We proposed in this paper the dynamic stochastic topic block model (dSTBM), a new probabilistic model for the clustering of both nodes and edges of a textual dynamic network. Moreover, relying on an external time partition, our methodology allows one to uncover time clusters during which the network is stationary both in terms interaction frequency (between groups of nodes) and discussed topics.
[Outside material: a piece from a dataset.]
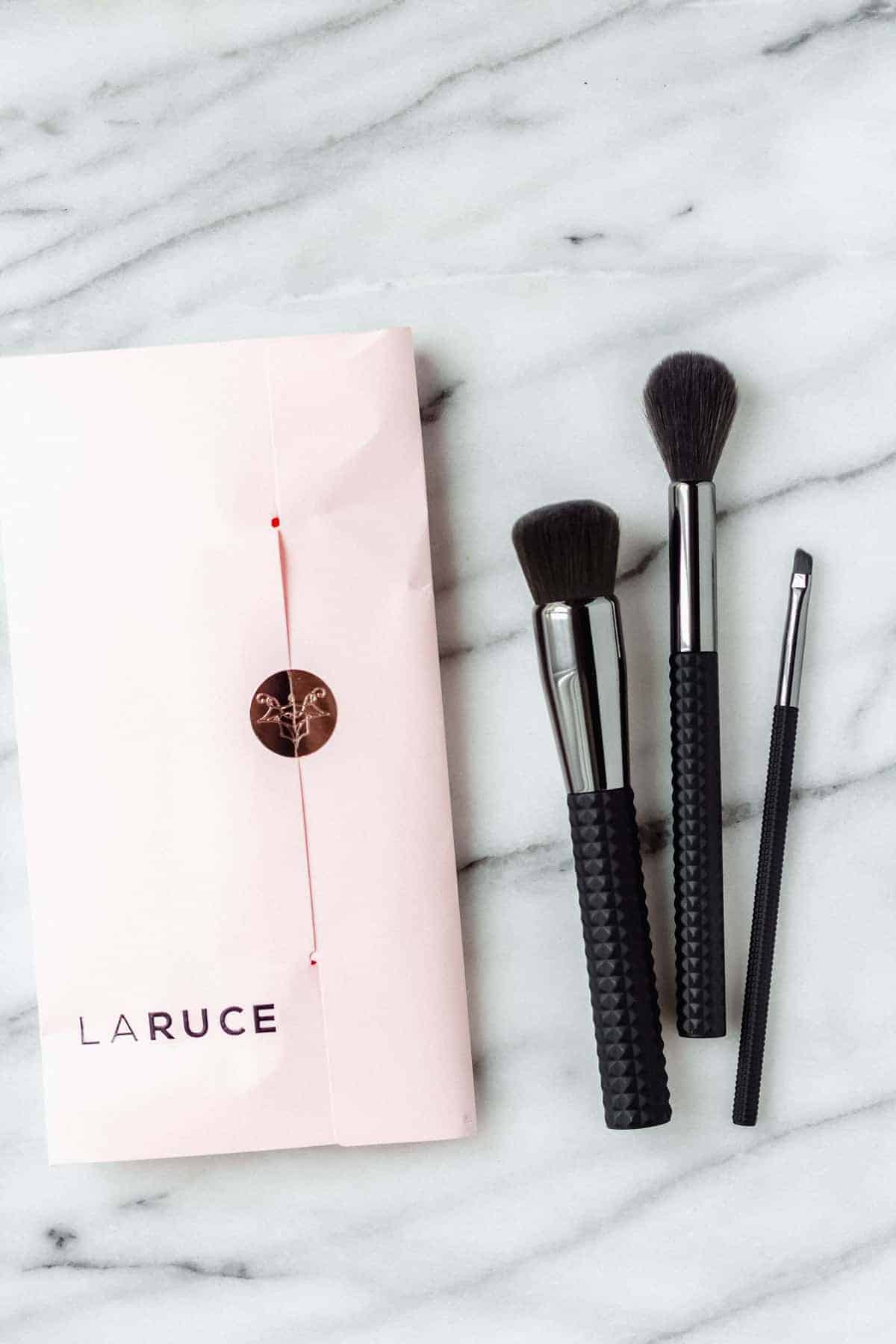 Laruce Beauty On The Go Set of 3 makeup brushes and a pink envelope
The inference procedure relies on a classification VEM approach and an ICL model selection criterion is derived in order to estimate the number of node groups, time clusters and discussed topics. Numerical experiments on simulated data allowed us to highlight the main features of the proposed methodology, which proves to generalize several existing approaches. Finally, the application of dSTBM to the Enron communication network leaded to likely results.

Future researches could focus on a “clever” way to set a time partition, either including this partition between the model parameters or adopting a data driven choice (as done by Matias et al. 2015, for a dynamic SBM-like model). Alternatively, the dSTBM model could be extended to deal with overlapping clusters, allowing individuals to belong to multiple groups. In this context, a starting point could be the mixed memberships SBM (MMSBM, Airoldi et al. 2008).